M. Brahimi, qui devait parler à la presse dans l'après-midi, a pour le moment renoncé à une conférence de presse.

Moscou a proposé lundi que les diplomates russes et américains se joignent à leur collègues de l'ONU pour une rencontre conjointe avec les deux délégations syriennes aux pourparlers en cours à Genève.

La Russie a fait cette proposition par la voix de son vice-ministre des Affaires étrangères Sergueï Bogdanov, selon l'agence publique Ria Novosti.

"Si des réunions complémentaires sous les auspices de l'ONU peuvent aider les négociations à avancer, nous sommes prêts à considérer" cette possibilité, a rapidement réagi un haut responsable américain sous couvert d'anonymat.

Des diplomates russes et américains, dont les pays sont co-parrains de la conférence, sont présents à Genève et suivent de près l'évolution des pourparlers.

La délégation gouvernementale a présenté lundi un projet de communiqué demandant "avec insistance" de la part des Nations Unies, représentées par M. Brahimi, "une condamnation claire" de l'attaque menée contre le village alaouite de Maan dans la province de Hama, où des rebelles islamistes ont tué dimanche au moins 21 civils et 20 combattants pro-régime, selon l'Observatoire syrien des droits de l'Homme (OSDH).

La délégation du gouvernement, dirigée par le chef de la diplomatie syrienne, Walid Mouallem, a demandé une nouvelle fois "que la fin des violences et du terrorisme, avec l'obligation pour les pays qui le soutiennent de cesser leur politique, soit le premier point sur lequel nous nous mettions d'accord", selon un projet de communiqué qu'elle a fait circuler.

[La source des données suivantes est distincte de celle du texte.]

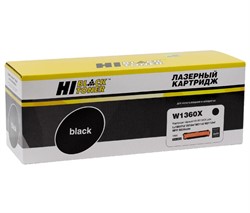 Картридж для HP LaserJet M207d/207dw/M211d/M211dw/MFP M236sdw, 2,6K (без чипа) Hi-Black     HB-W1360X - фото 10517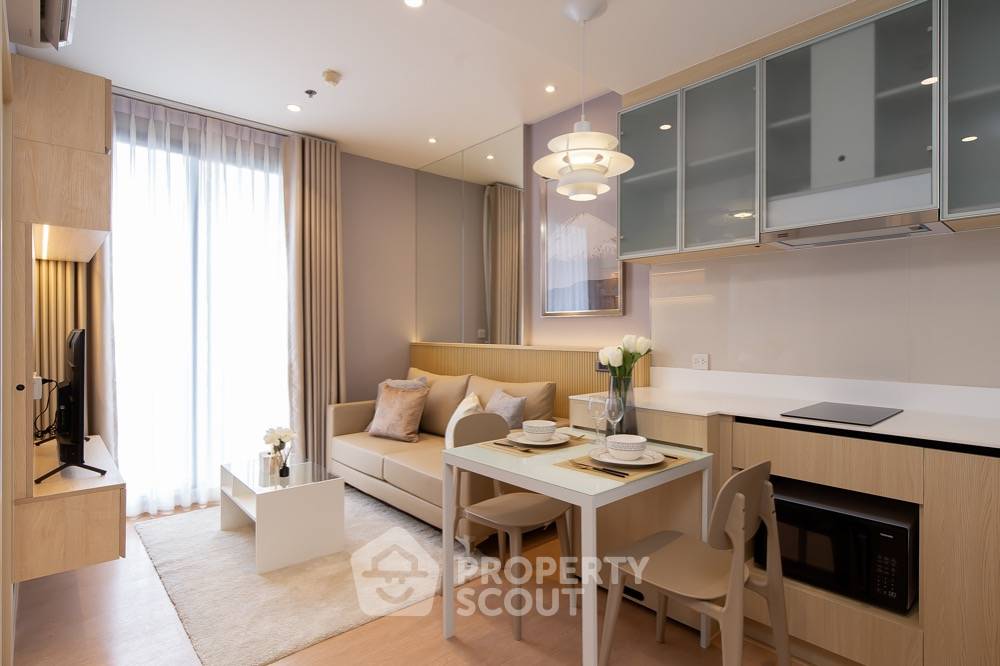 picture High-Floor 1-BR Condo, Maru Ekkamai 2, 27th Floor Near BTS Ekkamai (ID 750060) - 3/25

Pour l'opposition, "stopper la violence du régime et former une autorité de gouvernement de transition sont les principaux sujets à notre agenda cette semaine", a déclaré son porte-parole Louai Safi.

L'opposition a présenté un rapport sur "les violences du régime d'Assad", le président syrien Bachar al-Assad, selon une source de l'opposition, affirmant que depuis le début des négociations en janvier, 1.805 Syriens ont été tués.

Un document en arabe de M. Brahimi, dont l'AFP a eu connaissance, circulait lundi à l'ONU à Genève. Il insiste sur les principes retenus par les grandes puissances en juin 2012 lors de la conférence Genève I. Il propose de traiter "en parallèle" la question de l'arrêt de la violence et du terrorisme, "priorité" pour le gouvernement, et celle de l'autorité gouvernementale de transition, "préalable" pour l'opposition.

"Les séances communes durant la première session n'ayant pas débouché sur des résultats notables, il est probablement préférable de tenir des réunions séparées, pour venir à des réunions plénières le second ou le troisième jour", indique le document.

"Le gouvernement syrien et sa délégation ne reculeront pas d'un pouce et resteront même si les autres s'en vont. La Syrie va rester à cette conférence", a assuré lundi le vice-ministre des Affaires étrangères, Faysal Mokdad.

Seul point concret de ce dialogue, l'ONU avait essayé d'arracher en janvier une "mesure humanitaire de confiance", un accord entre opposition et gouvernement pour venir en aide à la population de la vieille ville de Homs, dans le centre, assiégée depuis 2012.

Depuis quatre jours, un millier de civils ont été évacués par l'ONU des quartiers assiégés en dépit de tirs. Ce chiffre inclut 300 personnes évacuées lundi.

Des tractations se poursuivaient lundi à l'ONU à New York pour persuader Moscou de se rallier à un projet de résolution sur la situation humanitaire en Syrie, ont indiqué des diplomates.

Une réunion informelle a débuté lundi matin à New York autour de ce texte élaboré par le Luxembourg, l'Australie et la Jordanie et soutenu par des pays occidentaux et arabes. Outre ces trois pays, les ambassadeurs des cinq membres permanents du Conseil de sécurité (Etats-Unis, France, Royaume-Uni, Chine, Russie) devaient y assister, "mais les Russes ne sont pas venus", a indiqué un diplomate du Conseil. Le représentant chinois était également absent.

L'ambassadeur russe Vitali Tchourkine avait affirmé il y a quelques jours que Moscou considérait un tel projet de résolution comme contre-productif et préférait une "approche pragmatique", c'est-à-dire des accords locaux comme celui qui a permis l'évacuation de plusieurs centaines de civils de Homs.